国税庁では、租税条約に基づく相互協議1の制度を活用して国際的な二重課税の防止などの課税問題の円滑な処理を図っています。
 相互協議の発生件数は近年増加傾向にあり、その9割以上が移転価格に関するものです。また、移転価格に係る協議のうち、最近では、事前確認に係る協議が増加しています。平成18年7月から平成19年6月までの1年間に154件の相互協議事案が発生し、うち移転価格に関するものは140件、そのうち移転価格に関する事前確認に係るものは105件でした。これを10年前と比較しますと、相互協議件数で約4倍、事前確認に係る相互協議件数で約6倍になっています。
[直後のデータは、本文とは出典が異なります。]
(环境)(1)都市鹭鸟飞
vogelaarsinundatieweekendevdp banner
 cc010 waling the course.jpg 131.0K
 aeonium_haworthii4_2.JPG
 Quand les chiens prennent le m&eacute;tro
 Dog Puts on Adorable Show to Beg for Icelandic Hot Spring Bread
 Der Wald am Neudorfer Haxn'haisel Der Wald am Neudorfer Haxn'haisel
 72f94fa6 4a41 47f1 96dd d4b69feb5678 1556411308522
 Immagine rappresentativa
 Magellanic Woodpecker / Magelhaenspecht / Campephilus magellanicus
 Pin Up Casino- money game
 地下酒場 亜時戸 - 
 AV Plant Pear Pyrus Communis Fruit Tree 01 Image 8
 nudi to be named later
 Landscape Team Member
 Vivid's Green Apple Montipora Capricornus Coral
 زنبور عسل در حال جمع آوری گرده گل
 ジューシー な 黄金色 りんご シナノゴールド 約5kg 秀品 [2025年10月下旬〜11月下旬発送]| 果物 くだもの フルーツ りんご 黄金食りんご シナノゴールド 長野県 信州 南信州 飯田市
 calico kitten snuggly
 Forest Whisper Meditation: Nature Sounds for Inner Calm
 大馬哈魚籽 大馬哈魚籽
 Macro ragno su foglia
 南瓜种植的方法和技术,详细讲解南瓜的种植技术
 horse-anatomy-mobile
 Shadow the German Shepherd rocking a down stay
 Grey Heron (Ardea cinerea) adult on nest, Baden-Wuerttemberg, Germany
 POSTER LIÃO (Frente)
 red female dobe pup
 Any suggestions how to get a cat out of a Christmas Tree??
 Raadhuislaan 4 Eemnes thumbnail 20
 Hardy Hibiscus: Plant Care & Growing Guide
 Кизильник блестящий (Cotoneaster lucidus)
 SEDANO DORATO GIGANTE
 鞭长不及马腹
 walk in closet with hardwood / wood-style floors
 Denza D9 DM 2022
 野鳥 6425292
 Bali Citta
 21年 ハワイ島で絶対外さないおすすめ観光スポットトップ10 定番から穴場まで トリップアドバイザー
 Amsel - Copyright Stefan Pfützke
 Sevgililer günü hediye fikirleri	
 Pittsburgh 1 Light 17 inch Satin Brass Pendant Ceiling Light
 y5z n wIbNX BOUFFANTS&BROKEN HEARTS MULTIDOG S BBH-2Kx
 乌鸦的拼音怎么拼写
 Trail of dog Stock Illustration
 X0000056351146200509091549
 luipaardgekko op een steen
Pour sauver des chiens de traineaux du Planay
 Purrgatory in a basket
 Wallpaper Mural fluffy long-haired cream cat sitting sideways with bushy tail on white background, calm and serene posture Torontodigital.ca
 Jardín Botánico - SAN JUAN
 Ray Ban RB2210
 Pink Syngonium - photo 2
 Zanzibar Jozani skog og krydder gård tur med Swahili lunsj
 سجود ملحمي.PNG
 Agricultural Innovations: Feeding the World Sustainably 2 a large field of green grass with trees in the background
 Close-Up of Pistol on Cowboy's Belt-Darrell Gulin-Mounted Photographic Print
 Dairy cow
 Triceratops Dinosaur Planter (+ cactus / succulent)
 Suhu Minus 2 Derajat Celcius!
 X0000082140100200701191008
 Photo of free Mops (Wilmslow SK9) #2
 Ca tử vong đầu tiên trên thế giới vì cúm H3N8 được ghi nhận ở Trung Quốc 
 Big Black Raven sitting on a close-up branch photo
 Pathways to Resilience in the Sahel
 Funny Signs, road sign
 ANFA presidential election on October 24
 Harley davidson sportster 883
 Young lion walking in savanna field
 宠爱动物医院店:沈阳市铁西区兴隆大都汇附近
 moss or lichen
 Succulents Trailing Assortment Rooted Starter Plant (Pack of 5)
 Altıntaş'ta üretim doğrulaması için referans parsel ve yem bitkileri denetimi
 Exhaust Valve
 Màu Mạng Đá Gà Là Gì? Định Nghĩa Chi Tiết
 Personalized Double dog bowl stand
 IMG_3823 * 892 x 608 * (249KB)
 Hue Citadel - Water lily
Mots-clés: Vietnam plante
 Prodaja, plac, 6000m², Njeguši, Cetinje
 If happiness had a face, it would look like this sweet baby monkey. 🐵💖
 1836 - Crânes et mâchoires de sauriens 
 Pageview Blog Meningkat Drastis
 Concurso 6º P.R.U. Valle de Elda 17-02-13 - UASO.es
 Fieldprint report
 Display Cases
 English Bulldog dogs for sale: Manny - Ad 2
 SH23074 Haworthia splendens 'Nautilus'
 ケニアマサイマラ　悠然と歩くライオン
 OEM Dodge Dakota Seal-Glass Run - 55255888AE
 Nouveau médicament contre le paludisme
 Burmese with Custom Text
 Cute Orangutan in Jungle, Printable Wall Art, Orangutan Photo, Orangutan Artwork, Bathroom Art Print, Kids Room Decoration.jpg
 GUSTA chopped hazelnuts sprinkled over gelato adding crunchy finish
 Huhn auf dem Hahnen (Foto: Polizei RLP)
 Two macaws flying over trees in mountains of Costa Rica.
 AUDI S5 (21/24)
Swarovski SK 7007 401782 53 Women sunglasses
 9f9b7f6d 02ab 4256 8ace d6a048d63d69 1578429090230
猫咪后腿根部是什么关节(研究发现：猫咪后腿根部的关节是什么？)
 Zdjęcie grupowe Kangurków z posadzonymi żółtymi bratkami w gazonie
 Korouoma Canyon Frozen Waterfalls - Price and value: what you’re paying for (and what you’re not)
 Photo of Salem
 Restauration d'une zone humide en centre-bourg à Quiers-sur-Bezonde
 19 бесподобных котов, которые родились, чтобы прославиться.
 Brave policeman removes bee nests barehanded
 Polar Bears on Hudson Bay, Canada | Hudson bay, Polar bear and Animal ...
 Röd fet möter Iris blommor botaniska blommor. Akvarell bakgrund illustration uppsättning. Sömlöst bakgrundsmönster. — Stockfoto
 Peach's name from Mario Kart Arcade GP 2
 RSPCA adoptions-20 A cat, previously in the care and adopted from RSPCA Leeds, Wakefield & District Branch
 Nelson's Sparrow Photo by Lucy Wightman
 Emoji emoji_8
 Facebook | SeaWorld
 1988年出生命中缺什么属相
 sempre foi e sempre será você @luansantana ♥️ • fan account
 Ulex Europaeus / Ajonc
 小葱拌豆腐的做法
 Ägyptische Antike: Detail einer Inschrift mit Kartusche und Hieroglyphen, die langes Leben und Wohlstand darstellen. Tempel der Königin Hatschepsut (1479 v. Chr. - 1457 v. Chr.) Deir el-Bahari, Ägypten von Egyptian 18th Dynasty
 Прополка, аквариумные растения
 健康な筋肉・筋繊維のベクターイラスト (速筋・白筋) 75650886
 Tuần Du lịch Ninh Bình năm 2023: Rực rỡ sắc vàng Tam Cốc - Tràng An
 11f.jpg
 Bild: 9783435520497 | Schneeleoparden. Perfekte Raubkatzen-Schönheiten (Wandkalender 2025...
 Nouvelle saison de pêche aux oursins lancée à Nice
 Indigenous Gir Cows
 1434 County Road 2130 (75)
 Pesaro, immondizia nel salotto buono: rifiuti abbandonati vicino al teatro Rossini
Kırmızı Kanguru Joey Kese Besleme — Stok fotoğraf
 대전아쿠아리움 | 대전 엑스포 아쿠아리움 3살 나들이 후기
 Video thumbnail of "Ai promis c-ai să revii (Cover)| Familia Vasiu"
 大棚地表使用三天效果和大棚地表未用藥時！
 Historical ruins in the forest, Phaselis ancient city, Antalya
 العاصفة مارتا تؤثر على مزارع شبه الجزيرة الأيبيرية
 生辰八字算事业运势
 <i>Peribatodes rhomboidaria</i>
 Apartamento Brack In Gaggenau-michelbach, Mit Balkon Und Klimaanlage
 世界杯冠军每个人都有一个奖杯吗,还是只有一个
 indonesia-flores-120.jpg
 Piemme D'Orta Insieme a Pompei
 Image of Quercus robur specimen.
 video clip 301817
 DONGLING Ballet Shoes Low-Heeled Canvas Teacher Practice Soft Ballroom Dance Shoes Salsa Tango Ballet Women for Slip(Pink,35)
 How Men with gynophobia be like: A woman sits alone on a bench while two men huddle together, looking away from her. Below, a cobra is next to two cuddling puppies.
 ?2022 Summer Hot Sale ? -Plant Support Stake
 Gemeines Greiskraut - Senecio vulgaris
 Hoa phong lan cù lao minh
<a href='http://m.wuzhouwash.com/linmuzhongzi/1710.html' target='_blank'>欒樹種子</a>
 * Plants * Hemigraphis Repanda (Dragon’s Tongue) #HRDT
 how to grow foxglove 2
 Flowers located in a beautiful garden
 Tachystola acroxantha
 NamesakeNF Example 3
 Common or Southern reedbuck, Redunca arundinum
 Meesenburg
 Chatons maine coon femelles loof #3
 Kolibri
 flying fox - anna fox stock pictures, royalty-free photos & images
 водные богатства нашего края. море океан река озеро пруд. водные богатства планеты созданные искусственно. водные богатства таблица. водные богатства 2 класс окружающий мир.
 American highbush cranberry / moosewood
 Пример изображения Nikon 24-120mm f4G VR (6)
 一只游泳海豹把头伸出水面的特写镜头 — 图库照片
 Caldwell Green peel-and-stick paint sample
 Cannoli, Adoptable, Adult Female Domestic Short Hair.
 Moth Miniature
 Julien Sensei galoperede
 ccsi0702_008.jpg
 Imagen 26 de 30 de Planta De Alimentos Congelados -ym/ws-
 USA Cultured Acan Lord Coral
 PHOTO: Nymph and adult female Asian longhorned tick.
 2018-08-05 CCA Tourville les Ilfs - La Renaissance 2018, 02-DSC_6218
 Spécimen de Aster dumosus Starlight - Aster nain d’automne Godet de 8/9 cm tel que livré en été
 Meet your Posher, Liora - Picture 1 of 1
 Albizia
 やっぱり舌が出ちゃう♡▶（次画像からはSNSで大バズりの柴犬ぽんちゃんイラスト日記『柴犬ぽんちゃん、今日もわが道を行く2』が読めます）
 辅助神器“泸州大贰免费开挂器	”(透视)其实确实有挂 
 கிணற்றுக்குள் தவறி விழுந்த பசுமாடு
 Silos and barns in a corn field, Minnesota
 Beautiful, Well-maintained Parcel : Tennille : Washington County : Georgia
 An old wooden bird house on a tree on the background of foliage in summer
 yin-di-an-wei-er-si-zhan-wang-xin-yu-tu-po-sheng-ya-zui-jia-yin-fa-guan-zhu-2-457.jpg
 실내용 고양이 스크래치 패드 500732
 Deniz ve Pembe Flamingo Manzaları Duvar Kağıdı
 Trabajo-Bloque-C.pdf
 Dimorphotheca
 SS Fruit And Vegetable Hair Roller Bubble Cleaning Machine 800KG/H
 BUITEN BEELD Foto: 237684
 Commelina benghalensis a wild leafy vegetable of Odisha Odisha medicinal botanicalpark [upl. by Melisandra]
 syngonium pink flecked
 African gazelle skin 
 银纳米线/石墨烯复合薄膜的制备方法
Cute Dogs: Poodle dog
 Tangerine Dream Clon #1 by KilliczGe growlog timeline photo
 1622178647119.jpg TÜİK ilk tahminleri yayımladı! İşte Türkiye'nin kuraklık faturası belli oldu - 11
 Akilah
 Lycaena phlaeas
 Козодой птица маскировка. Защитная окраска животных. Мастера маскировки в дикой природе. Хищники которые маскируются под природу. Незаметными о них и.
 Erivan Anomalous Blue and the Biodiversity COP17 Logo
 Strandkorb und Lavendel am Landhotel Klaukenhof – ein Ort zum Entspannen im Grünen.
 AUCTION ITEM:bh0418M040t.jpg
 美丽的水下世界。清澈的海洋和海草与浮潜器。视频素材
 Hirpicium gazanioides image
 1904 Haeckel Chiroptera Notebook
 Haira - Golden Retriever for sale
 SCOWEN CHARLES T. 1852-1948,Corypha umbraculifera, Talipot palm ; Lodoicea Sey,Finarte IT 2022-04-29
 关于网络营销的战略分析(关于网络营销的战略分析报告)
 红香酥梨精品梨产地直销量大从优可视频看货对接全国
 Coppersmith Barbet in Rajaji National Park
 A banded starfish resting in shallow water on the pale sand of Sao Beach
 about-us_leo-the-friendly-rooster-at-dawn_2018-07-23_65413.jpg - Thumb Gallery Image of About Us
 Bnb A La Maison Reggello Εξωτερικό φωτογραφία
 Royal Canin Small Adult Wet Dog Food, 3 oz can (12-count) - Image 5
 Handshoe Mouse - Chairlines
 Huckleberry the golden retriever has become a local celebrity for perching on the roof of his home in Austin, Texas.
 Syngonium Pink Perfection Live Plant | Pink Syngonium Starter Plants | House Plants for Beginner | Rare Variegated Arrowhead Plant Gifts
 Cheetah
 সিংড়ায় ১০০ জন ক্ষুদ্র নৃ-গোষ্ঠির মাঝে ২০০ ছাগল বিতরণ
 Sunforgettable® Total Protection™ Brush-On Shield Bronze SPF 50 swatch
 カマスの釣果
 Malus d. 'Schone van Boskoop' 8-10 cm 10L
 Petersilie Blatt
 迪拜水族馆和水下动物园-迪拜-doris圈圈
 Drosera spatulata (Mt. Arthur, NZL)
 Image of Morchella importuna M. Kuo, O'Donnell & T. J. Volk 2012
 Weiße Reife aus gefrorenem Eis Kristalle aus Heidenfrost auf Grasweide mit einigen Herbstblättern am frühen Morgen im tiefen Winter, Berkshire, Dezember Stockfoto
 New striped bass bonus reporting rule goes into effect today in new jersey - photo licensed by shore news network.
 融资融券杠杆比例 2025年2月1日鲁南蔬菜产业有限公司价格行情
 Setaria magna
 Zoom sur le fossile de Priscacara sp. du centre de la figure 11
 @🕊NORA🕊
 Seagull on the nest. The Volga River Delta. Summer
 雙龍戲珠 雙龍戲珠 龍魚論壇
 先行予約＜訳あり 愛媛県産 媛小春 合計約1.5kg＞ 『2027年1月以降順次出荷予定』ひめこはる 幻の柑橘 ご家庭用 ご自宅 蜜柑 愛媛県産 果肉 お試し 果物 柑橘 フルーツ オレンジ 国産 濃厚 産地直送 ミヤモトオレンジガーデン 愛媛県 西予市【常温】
 相互協議件数にあわせて相互協議相手国数も増加してきており、10年前には12か国でしたが、平成19年6月末では25か国に増加しています。同様に、相互協議を伴う事前確認については、昨今は、アジア諸国などこれまで事前確認の経験のなかった国との間でも増加してきています。国税庁では、これら相互協議事案の適切で迅速な解決に向け、各国税務当局間の協力関係を一層深め、より効率的に協議を進めるようにしています。
相互協議事案発生件数の推移のグラフ
1 「相互協議」とは、納税者が租税条約の規定に適合しない課税を受け、又は受けるに至ると認められる場合において、その条約に適合しない課税を排除するため、条約締結国の税務当局間で解決を図るための協議手続です。我が国が締結している45 の租税条約(適用対象国56か国)すべてに、相互協議に関する規定が置かれています。